I get quite frustrated with one of my favourite writers, Maria Popova, 'debunking' the 10,000 hour rule popularised by Malcolm Gladwell in Outliers. At no point does Gladwell say that 10,000 hours of aimless time spent on a task will lead you to being world class. I believe he uses the examples of driving and sex as things we may spend a lot of time doing but not improving. Unless, of course, you remember to maintain eye contact with everyone you clink wine glasses with. But that won't help your driving. To improve your driving you actually have to try. Through purposeful practice.

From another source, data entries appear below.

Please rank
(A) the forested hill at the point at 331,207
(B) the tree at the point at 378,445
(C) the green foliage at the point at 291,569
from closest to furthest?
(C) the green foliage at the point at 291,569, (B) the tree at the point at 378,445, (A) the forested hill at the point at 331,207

I think the confusion comes because the thrust of Gladwell's point was that things take time no matter who you are. Even if you are good, you need to put the effort in. I am also a big believer that sometimes different skills are needed at the later stages of being awesome. Dan McLaughlin, who happens to be the same age as me, decided a few years back to put in 10,000 hours at golf having never played 18 holes. The further down the path he goes, the more psychological the training becomes. In the beginning you are laying the ground work and that can be tedious, so many people may choose to give up. They never get to the juice. Gladwell points to the strength required to push on through the tough bits. To put the time in. Purposeful practice and focus matter, but the idea that you have to put the time in matters too.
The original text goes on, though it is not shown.